Tsaatans camp
Tsaatans or Dukhas are a Mongolian minority ethnic group, small Tuvan community of Turkish origin, living in the extreme North of the province of Khovsgol, in the taiga.
Taiga is a transition zone before arctic tundra composed of bushes, conifers and silver birches. It’s the place in the world that is the farthest from the oceans. The taiga forms a kind of natural protection for the camps of the Dukhans, but is also wild and inhabited, which means it can be harsh in Summer: it’s not possible to avoid marshes, flies, and mosquitos.
The Northern part of taiga was organized under the Qing Dynasty between 1755 and 1912, while it was under Uriankhai’s banner.
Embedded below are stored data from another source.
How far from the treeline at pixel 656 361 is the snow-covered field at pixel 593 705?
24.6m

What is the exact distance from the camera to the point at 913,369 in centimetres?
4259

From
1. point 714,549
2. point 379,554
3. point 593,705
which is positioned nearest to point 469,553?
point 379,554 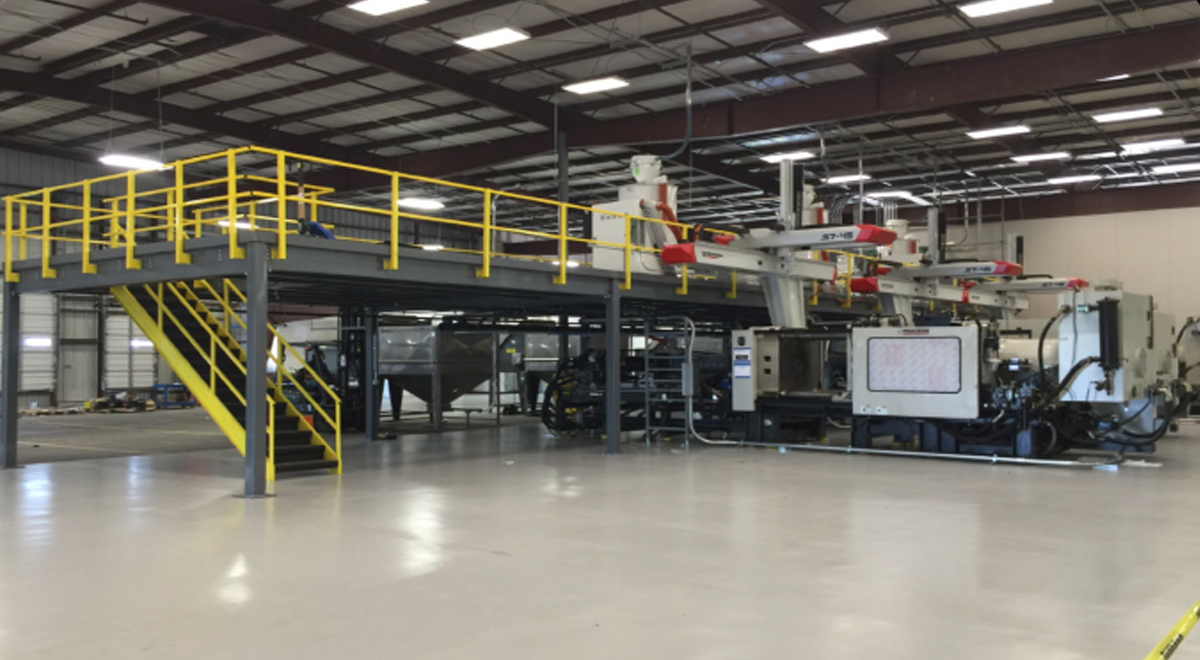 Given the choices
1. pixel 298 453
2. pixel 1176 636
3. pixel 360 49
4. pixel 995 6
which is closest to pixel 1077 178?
pixel 995 6

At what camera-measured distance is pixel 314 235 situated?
1301cm

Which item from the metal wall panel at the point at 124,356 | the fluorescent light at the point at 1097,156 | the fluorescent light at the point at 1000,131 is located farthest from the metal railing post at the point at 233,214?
the metal wall panel at the point at 124,356

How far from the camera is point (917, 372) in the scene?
51.0 feet

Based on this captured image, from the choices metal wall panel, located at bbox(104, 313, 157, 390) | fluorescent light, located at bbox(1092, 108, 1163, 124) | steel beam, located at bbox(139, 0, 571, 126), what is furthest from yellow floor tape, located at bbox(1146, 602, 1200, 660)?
metal wall panel, located at bbox(104, 313, 157, 390)

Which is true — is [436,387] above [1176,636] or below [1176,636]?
above

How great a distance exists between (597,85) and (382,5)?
19.2ft

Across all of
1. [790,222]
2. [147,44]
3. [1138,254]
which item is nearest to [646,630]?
[790,222]

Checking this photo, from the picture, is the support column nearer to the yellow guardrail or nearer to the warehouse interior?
the warehouse interior

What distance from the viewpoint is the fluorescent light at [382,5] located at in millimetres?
16188

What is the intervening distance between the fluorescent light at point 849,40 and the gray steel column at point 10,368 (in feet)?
45.2

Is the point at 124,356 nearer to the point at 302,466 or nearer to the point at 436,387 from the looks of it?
the point at 436,387

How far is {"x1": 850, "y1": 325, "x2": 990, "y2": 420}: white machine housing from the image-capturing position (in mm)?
15000

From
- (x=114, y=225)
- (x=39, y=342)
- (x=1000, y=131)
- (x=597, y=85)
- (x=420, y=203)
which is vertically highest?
(x=597, y=85)

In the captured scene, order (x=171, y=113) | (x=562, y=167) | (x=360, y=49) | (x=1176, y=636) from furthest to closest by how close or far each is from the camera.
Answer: (x=562, y=167) → (x=171, y=113) → (x=360, y=49) → (x=1176, y=636) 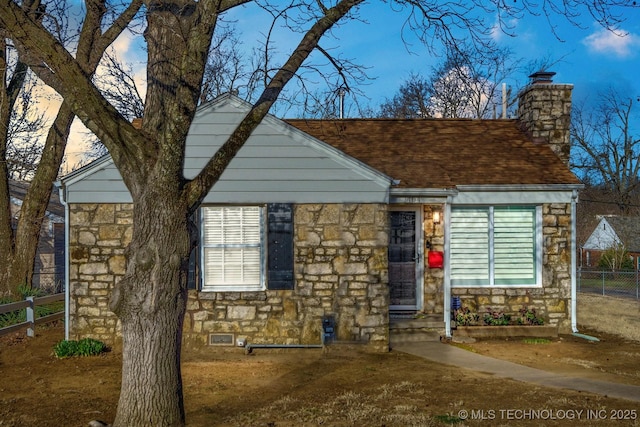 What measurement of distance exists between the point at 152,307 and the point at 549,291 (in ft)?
28.1

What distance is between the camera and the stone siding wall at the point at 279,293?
8.97m

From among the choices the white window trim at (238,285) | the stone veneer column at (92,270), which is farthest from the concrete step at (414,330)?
the stone veneer column at (92,270)

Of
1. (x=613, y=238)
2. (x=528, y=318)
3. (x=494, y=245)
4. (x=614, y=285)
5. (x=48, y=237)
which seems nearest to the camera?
(x=528, y=318)

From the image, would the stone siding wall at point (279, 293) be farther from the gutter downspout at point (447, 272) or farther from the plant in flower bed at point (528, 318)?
the plant in flower bed at point (528, 318)

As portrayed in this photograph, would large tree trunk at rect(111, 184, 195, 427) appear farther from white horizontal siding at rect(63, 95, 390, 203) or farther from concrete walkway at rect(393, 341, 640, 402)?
concrete walkway at rect(393, 341, 640, 402)

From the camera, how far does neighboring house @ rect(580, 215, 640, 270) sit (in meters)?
35.3

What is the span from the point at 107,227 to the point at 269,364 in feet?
11.4

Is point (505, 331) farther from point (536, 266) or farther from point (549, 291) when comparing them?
point (536, 266)

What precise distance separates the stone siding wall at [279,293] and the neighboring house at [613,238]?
91.7 ft

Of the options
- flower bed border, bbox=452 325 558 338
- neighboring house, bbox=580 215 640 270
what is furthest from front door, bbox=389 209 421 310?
neighboring house, bbox=580 215 640 270

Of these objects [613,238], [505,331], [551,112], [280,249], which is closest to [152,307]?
[280,249]

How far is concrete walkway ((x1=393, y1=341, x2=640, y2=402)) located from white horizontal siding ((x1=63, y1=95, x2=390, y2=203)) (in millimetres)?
2644

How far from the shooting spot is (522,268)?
1109 centimetres

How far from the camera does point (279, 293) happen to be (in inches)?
355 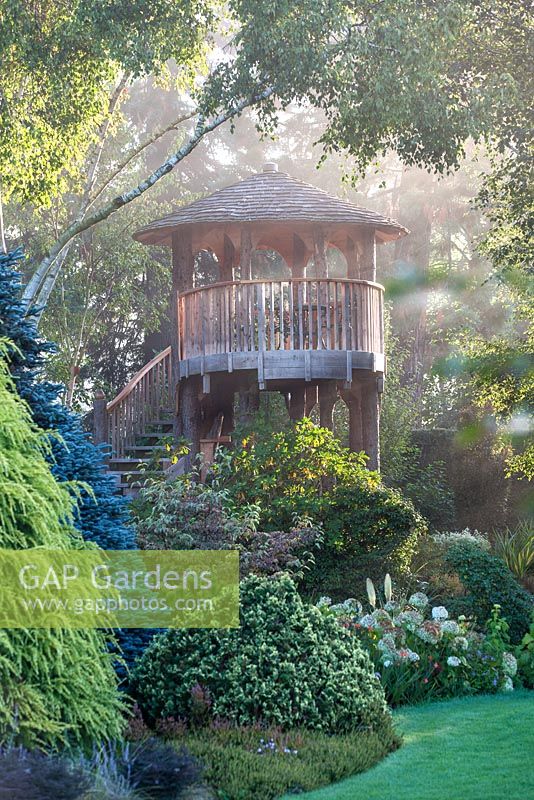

At the time of Mongolian independence of 1911, the banner was incorporated in the independent Tuva Republic. In 1944, Russians annexed Tuva Republic, but without the Mongolian part of it.
In the 1930’s, many Dukhans and Uriankhai fled over the frontier from Tuva to avoid conscription. At first, the Mongolian government repeatedly deported them back to Tuva, but in 1956, the government finally gave them Mongolian citizenship and resettled them at Tsagaan Nuur Lake on the Shishigt River. Many Dukhans rapidly left their flat to go back in the taiga.
Dukhans are the last solitary group that earns its living by herding reindeer in the isolated and little accessible mountains of the extreme North of the country. ”Tsaa” means reindeer in Dukhan language, so Tsaatans (the other name of Dukhans) are ”those who live with reindeer”.